Comment 4 for bug 1671152

Revision history for this message
George Ormond Lorch III (gl-az) wrote :

So we had an extended offline discussion and some debugging and it comes down to a few things.

1) Logical row counting in PerconaFT is a moving target as operations can be counted at the time of operation, and others can not be known until the message is persistently delivered to the leaf nodes. It 'floats' towards accurate but is never going to be 100% accurate except for the moment after either an OPTIMIZE TABLE or an ANALYZE TABLE with RECOUNT_ROWS
2) Different indices, PK and secondaries, on the same table will report different logical row count estimates back simply due to the dynamics of the PerconaFT messaging scheme, different record sizes, data concentration within nodes, background threads randomly picking nodes to perform work on, etc, etc...all impact the 'in-flight' messaging and means that no two indices will ever be identical.
3) When an OPTIMIZE is run, it flushes all messages to the leaf nodes and removes any garbage from all of the index trees, and as a result normalizes the row counts across the indices.
4) There is a bug (I say bug because it is a different behavior from InnoDB) in TokuDBs ha_tokudb::records_in_range method when the optimizer asks for the number of records in the range of -infinity to +infinity.

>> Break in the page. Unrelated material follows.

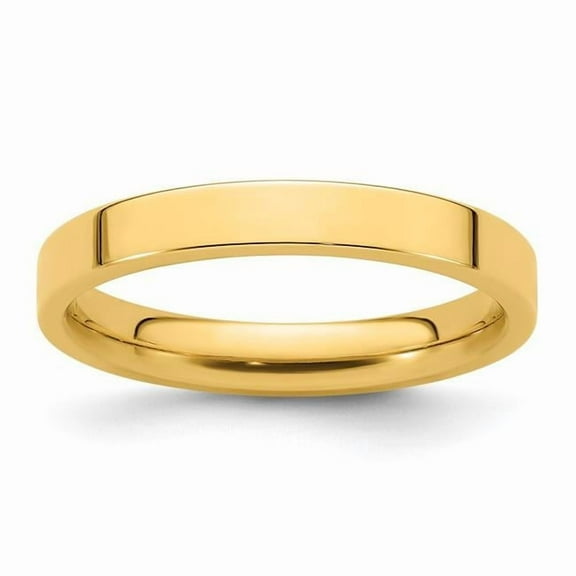 14k Yellow Gold Solid Polished 3mm Standard Flat Comfort-Fit Band Size 6.5 Ring Ring for Women and Men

TokuDB returns the logical row count for that index, not the table/PK which tends to always be more accurate. This causes the optimizer to calculate different costs for different indices as a result of getting sometimes drastically different logical row counts. InnoDB returns the same 'table count' for all indices. The bug fix should be to have TokuDB return the logical row count value from the PK for all indices so that the optimizer can compare apples to apples w.r.t. cardinality statistics rather than apples to Volkswagens.